THE RECORDS:
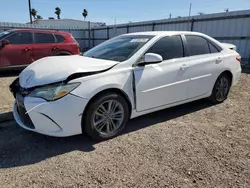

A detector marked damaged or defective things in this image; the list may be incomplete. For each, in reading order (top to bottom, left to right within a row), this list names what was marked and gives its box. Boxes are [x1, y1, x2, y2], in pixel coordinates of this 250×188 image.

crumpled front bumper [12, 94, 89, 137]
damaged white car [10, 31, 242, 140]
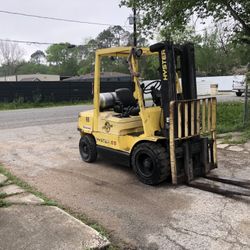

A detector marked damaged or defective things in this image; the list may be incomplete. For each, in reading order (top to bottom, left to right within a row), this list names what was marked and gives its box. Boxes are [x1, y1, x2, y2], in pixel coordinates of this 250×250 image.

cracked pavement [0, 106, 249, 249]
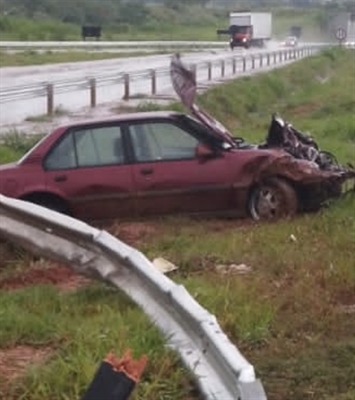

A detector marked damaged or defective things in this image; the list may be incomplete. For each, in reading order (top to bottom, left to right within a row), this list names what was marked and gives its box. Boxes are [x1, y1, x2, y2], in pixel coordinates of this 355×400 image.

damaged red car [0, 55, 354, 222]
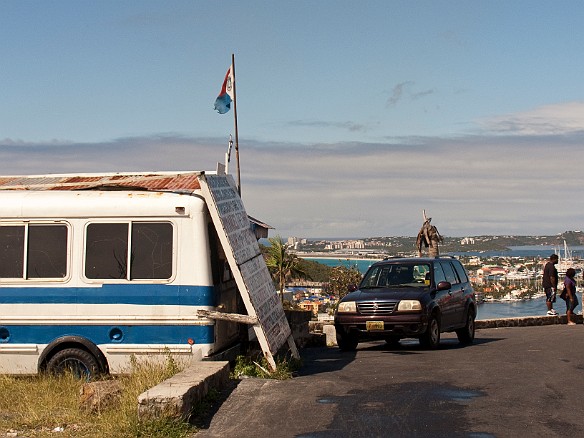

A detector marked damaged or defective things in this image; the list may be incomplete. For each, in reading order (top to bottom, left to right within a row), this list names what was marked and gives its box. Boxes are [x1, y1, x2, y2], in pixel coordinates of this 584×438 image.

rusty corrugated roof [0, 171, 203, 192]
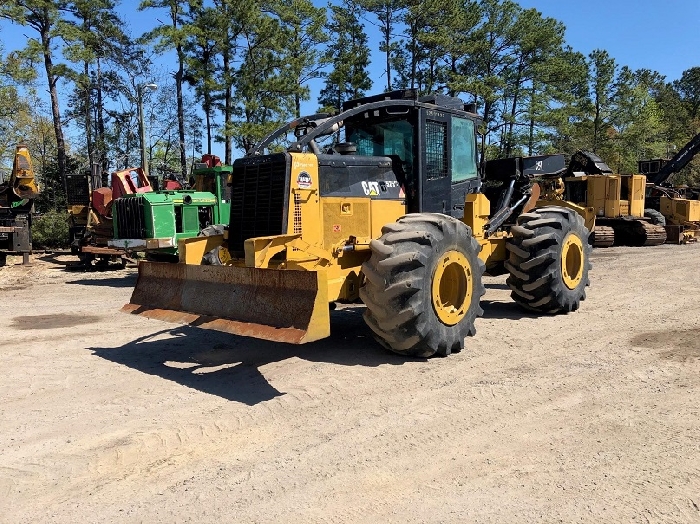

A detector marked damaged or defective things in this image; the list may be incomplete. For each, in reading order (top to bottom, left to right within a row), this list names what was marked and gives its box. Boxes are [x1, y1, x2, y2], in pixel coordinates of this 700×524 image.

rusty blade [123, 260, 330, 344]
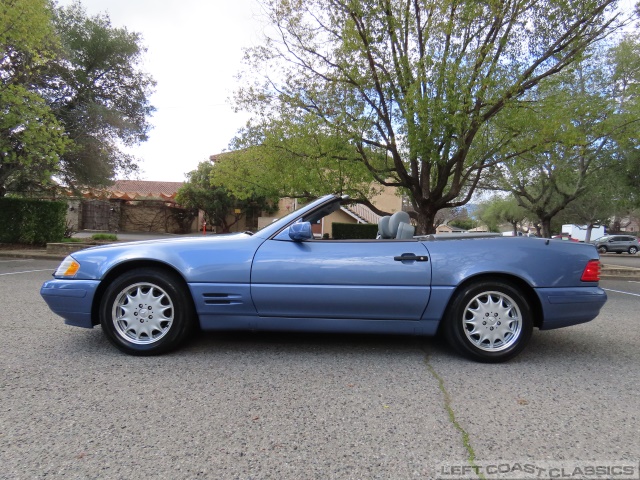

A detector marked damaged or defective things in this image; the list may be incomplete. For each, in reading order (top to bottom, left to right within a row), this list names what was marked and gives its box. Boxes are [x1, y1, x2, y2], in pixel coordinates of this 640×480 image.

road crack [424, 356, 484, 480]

WHAT IS BEING ASKED: Everything in the records goes into your answer exactly, except the pictures.

RESPONSE TO THE TASK:
A detector marked damaged or defective things in this image; the list may be incomplete. For each, in reading order (top to bottom, left to right within a row), this list names what was marked and gives its box. Boxes are [x1, y1, x2, y2], in pixel coordinates of this 250×188 image.

crumpled front bumper [12, 94, 89, 137]
damaged white car [10, 31, 242, 140]

A detector marked damaged or defective things in this image; the list may be incomplete. For each, in reading order (top to bottom, left to right within a row), this list names what was marked and gives its box. Boxes are [x1, y1, x2, y2], in pixel coordinates of this 250×250 image.

cracked pavement [0, 106, 249, 249]

A detector marked damaged or defective things in this image; the list may be incomplete. For each, in reading order (top to bottom, left to right within a row), this list names what was marked and gives its box. Boxes are [x1, y1, x2, y2], in pixel coordinates of this 355×400 image.

damaged red car [0, 55, 354, 222]

A detector marked damaged or defective things in this image; the list may be incomplete. For each, in reading order (top to bottom, left to right within a row), this list names what was marked and gives its box. Boxes are [x1, y1, x2, y2], in pixel coordinates of this 584×438 image.

rusty corrugated roof [0, 171, 203, 192]

A detector marked damaged or defective things in this image; the list may be incomplete. For each, in reading order (top to bottom, left to right within a row), this list names what was marked and gives its box. Boxes are [x1, y1, x2, y2], in pixel coordinates of this 700×524 image.

rusty blade [123, 260, 330, 344]

A detector marked damaged or defective things in this image; the list may be incomplete. For each, in reading order (top to bottom, left to right within a row), this list names what was marked and gives its box. Boxes are [x1, y1, x2, y2], in pixel coordinates of this 640×480 image.

road crack [424, 356, 484, 480]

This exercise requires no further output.